» **PROMPT**:
The data is to be retyped in full, exactly.
** Opening RECORDS FOR THIS EXERCISE block **
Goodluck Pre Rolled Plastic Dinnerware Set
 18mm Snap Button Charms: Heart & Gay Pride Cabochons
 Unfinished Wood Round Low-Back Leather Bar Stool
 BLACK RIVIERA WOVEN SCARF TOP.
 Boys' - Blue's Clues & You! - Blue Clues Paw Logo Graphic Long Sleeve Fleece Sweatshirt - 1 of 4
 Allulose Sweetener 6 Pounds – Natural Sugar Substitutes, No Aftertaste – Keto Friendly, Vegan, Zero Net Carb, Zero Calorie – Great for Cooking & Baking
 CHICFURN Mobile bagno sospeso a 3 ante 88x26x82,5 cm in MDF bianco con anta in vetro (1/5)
** Closing RECORDS FOR THIS EXERCISE block **
» **ANSWER SPACE**:
Goodluck Pre Rolled Plastic Dinnerware Set
 18mm Snap Button Charms: Heart & Gay Pride Cabochons
 Unfinished Wood Round Low-Back Leather Bar Stool
 BLACK RIVIERA WOVEN SCARF TOP.
 Boys' - Blue's Clues & You! - Blue Clues Paw Logo Graphic Long Sleeve Fleece Sweatshirt - 1 of 4
 Allulose Sweetener 6 Pounds – Natural Sugar Substitutes, No Aftertaste – Keto Friendly, Vegan, Zero Net Carb, Zero Calorie – Great for Cooking & Baking
 CHICFURN Mobile bagno sospeso a 3 ante 88x26x82,5 cm in MDF bianco con anta in vetro (1/5)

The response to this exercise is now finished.